[IxDA Discuss] Design research
Challis Hodge
challis at experiencepeople.com
Wed May 9 16:30:30 PDT 2007
After reading Dan's essay I'm not sure exactly what he's trying to say. He
may have some good thoughts but they didn't come through. The few points he
did articulate were not substantiated well by his examples, correlations,
etc. Dan wrote:
On several recent projects, I've conducted no research at all — or at least
> very little of it — and those products seem to have turned out fine and are
> well liked by users. Luck? I'm not sure.
>
This statement reminds me of all the Aunt Thelma's of the world who want to
give you advice when you have your first child. They have all the answers.
Their justification? They raised 4 kids of their own. Those 4 kids simply
surviving into adulthood is all the justification they need. Obviously Dan
is no Aunt Thelma but I do believe he is underestimating the complexity of
the situation.
Beginning the essay with the term research and then quickly shifting to the
term design research was the first clue that the train was off the tracks.

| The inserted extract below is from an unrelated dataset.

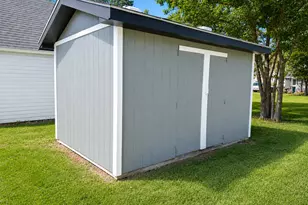 420 S Swift Ave, Litchfield, MN 55355 - Photo 35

The breadth and depth of research techniques that might be applied to any
given problem space are huge. Design research is just one and some would say
an ambiguous one at that.
-challis
On 5/9/07, Mark Schraad <mschraad at mac.com> wrote:
>
> I read this morning a column Dan Saffer wrote that is posted on the
> adaptive path web site. It caused me some concern.
>
> http://www.adaptivepath.com/publications/essays/archives/000755.php
>
> I am a huge proponent of design research, but I think it is all too often
> done poorly, and not done frequently enough. That said, I agree for the most
> part with what Dan says regarding many projects and many designers not
> needing research. What concerns me is the specificity of Dan's message and
> its audience. I have no data here... but I would surmise that many from the
> IxDA community get the context of this article and as such all is fine. Of
> concern is the portion of Dan's (my assumption here) growing audience that
> is in design school, just out of school and outside of the "designer as
> motivated learner" catagory.
>
> Did Dan just give designers with limited experience justification for
> blowing off research or testing? I am quite certain, that is not the
> intended message, but it is a concern. I guess I am not sure what the
> purpose of this article is. Experienced, confident designers with domain
> expertise and good sense of "hunch", likely don't need to be told that this
> is OK. They know.
>
> There is so much time and money wasted in product and service design.
> Business schools quote numbers of 70 - 80% of all new products fail. This is
> a horrible waste of resources. Surely... we can do better. One way to
> effectively improve the odds is to meaasure the intended audience or target
> market. Research is a great start at this. Even if the research confirms
> your hunches, it is likely worth the time.